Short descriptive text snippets
++++++++++++++++++++

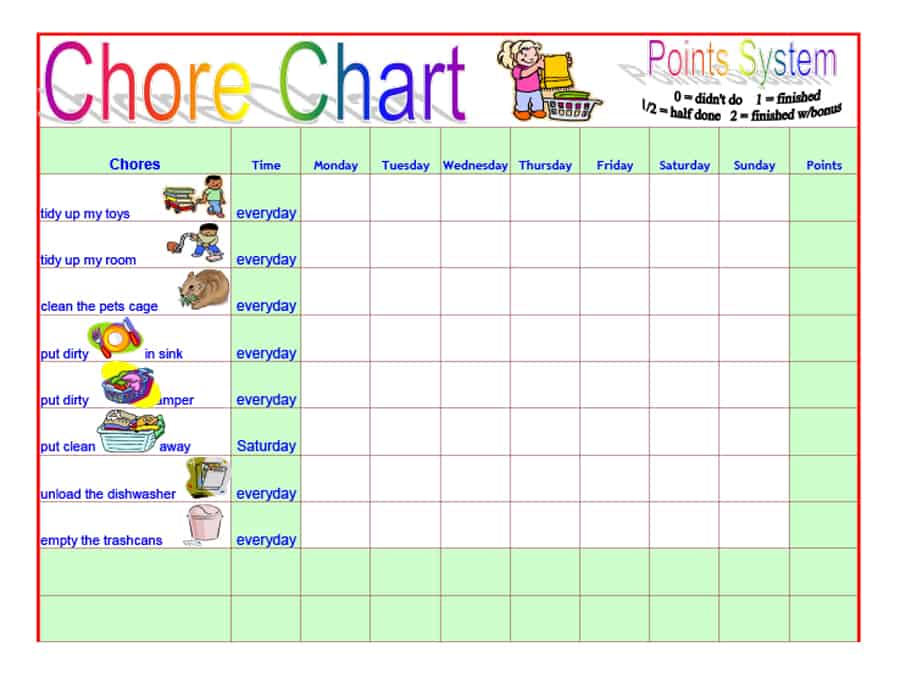 Chore Chart Toddler Printable
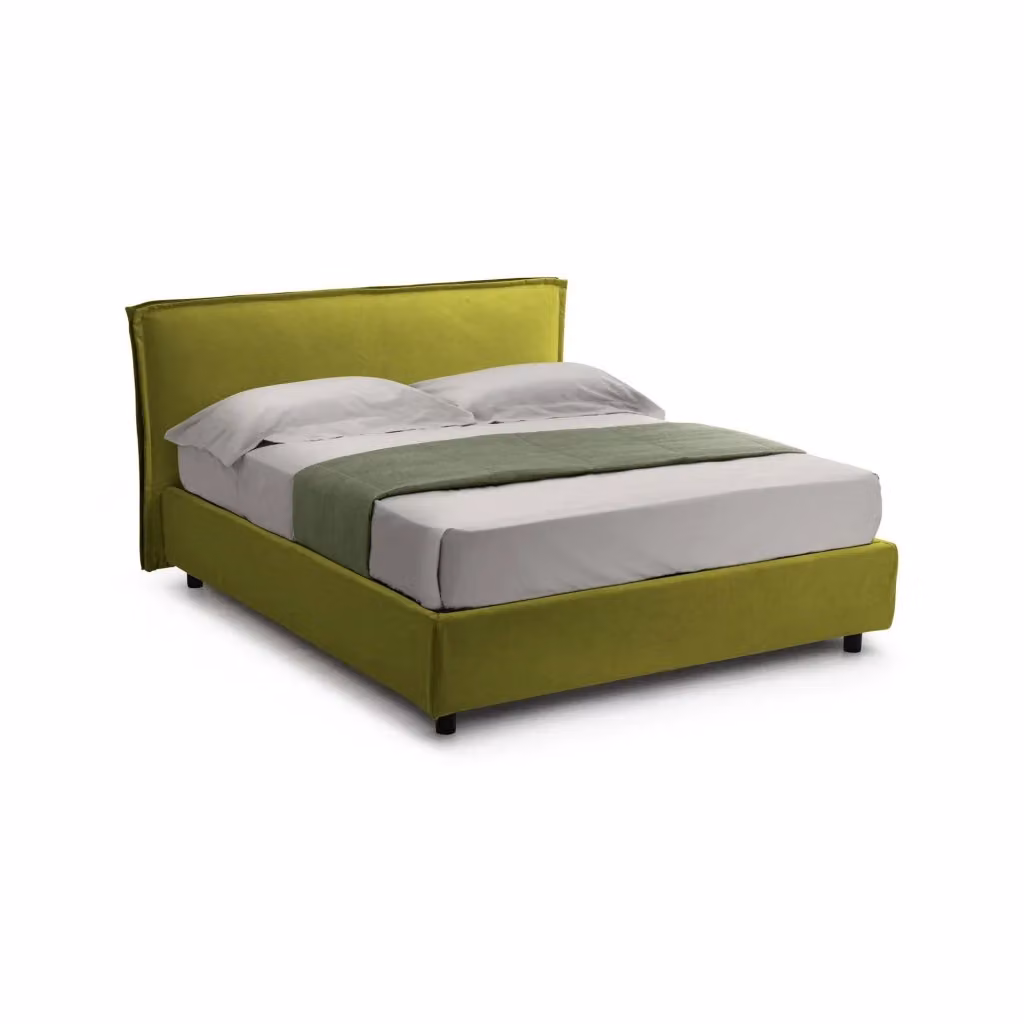 Letto alla francese Bronte DMORA con base contenitore lift up, moderno, verde e nero, L/P: 120 x 200 cm – 2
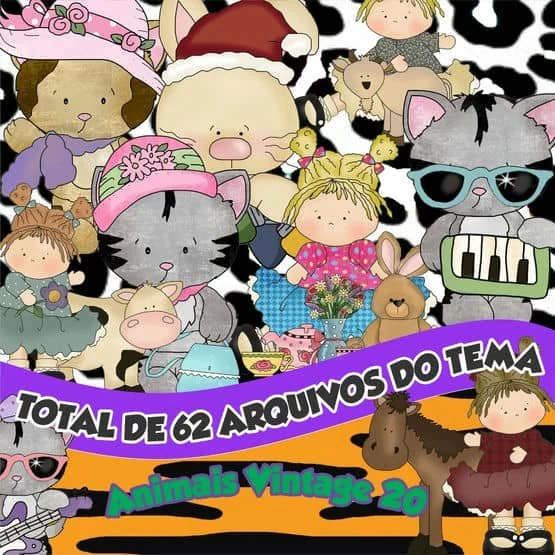 Prévia de Kit Digital Animais Vintage 20 Png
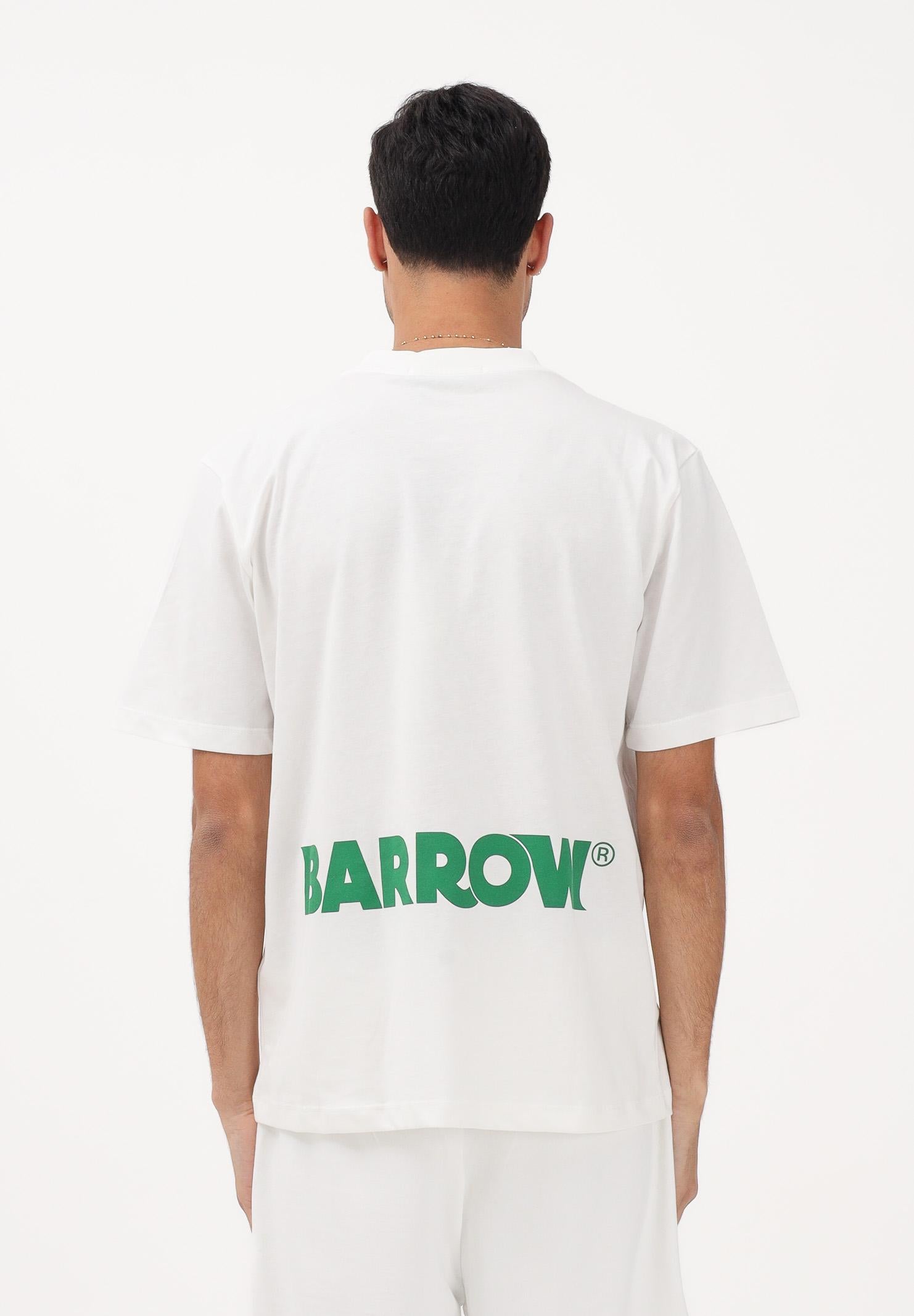 BARROW T-shirt a manica corta bianca per uomo e donna con stampa logo S6BWUATH003 412 BARROW
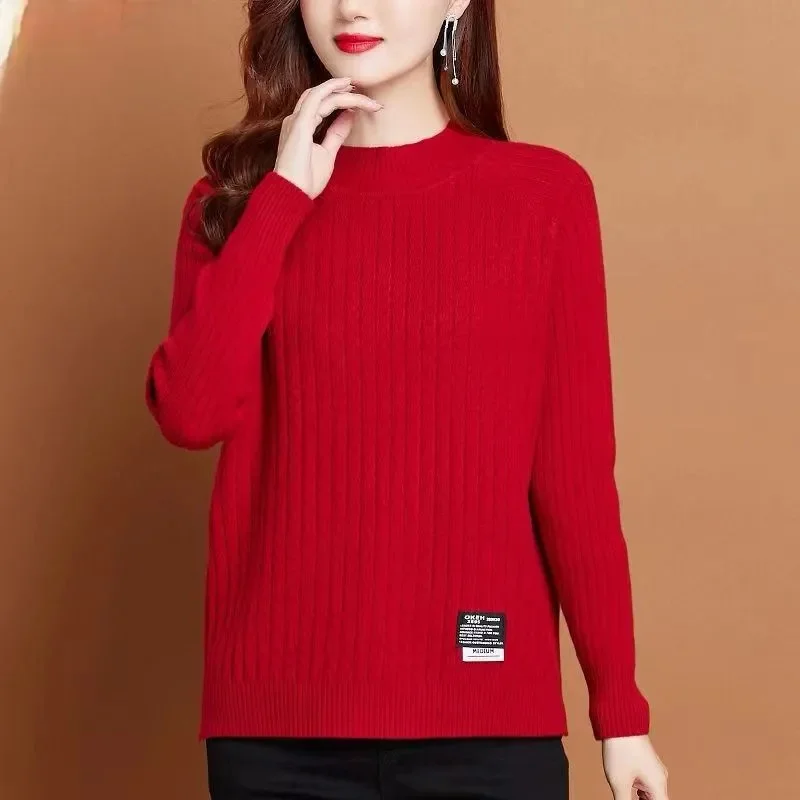 Bottoming Shirt Top Female Coat 2025Autumn Winter New High-Quality Sweater Half-High Collar Pullover Knitwear Women Fashion Tops
Bottoming Shirt Top Female Coat 2025Autumn Winter New High-Quality Sweater Half-High Collar Pullover Knitwear Women Fashion Tops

++++++++++++++++++++

ACTIVITY:
Drop the pictures; repeat each entry above exactly.

ANSWER SPACE:
 Chore Chart Toddler Printable
 Letto alla francese Bronte DMORA con base contenitore lift up, moderno, verde e nero, L/P: 120 x 200 cm – 2
 Prévia de Kit Digital Animais Vintage 20 Png
 BARROW T-shirt a manica corta bianca per uomo e donna con stampa logo S6BWUATH003 412 BARROW
 Bottoming Shirt Top Female Coat 2025Autumn Winter New High-Quality Sweater Half-High Collar Pullover Knitwear Women Fashion Tops
Bottoming Shirt Top Female Coat 2025Autumn Winter New High-Quality Sweater Half-High Collar Pullover Knitwear Women Fashion Tops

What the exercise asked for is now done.